Yes, there are plenty of times I would not use recursion. Recursion is not free, it has a cost in stack space and that can often be a much more limited resource than some others. There's also a time cost, however small, in setting up and tearing down stack frames.
By way of example, the much vaunted factorial function is one where I would probably opt for an iterative approach where the numbers were large. Calculating 10000! with the Python:
def factorial (n):
if n = 1: return 1
return n * factorial (n-1)
will attempt to use a whopping 10,000 stack frames (though Python will protect you against this).

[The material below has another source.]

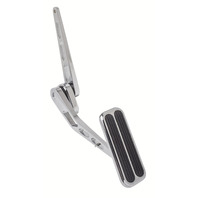 Throttle Pedal (Chrome Aluminum)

The equivalent iterative solution:
def factorial (n):
r = 1
while n > 1:
r = r * n
n = n - 1
return r
will use just the one stack frame and precious little else.
It's true that recursive solutions are often more elegant code but you have to temper that with the limitations of your environment.
Your carbon
example is one where I would actually use recursion since:
- it uses at most six stack frames (one per character in the string); and
- it's relatively elegant, at least much more so than six nested loops and huge equality checks.

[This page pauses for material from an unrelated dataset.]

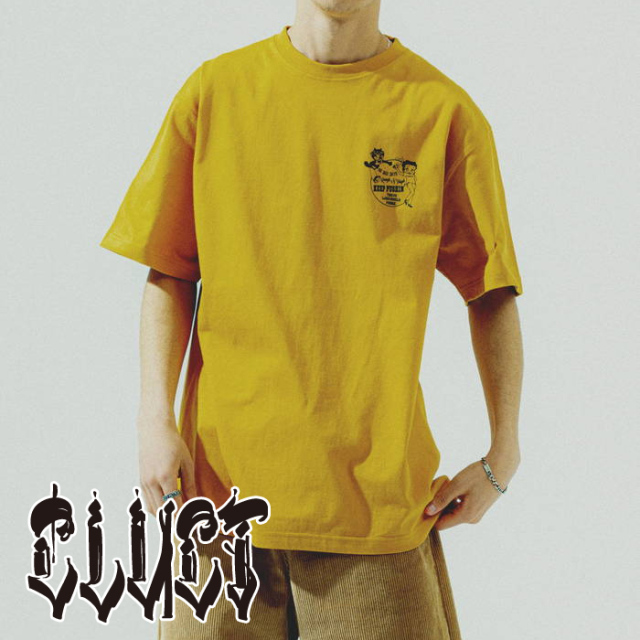 【SALE30%OFF】　CLUCT (クラクト)　POSSE[S/S TEE]　【Tシャツ】【#04871】【2024SUMMER/AUTUMN新作】　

For example the following Python code does the trick:
def recur (str, pref = ""):
# Terminating condition.
if str == "":
print pref
return
# Rotate string so all letters get a chance to be first.
for i in range (len (str)):
recur (str[1:], pref + str[:1])
str = str[1:] + str[:1]
recur ("abc")
producing:
abc
acb
bca
bac
cab
cba
Of course, if your string can be 10K long, I'd rethink it, since that would involve a lot more stack levels but, provided you keep in low enough, recursion is a viable solution.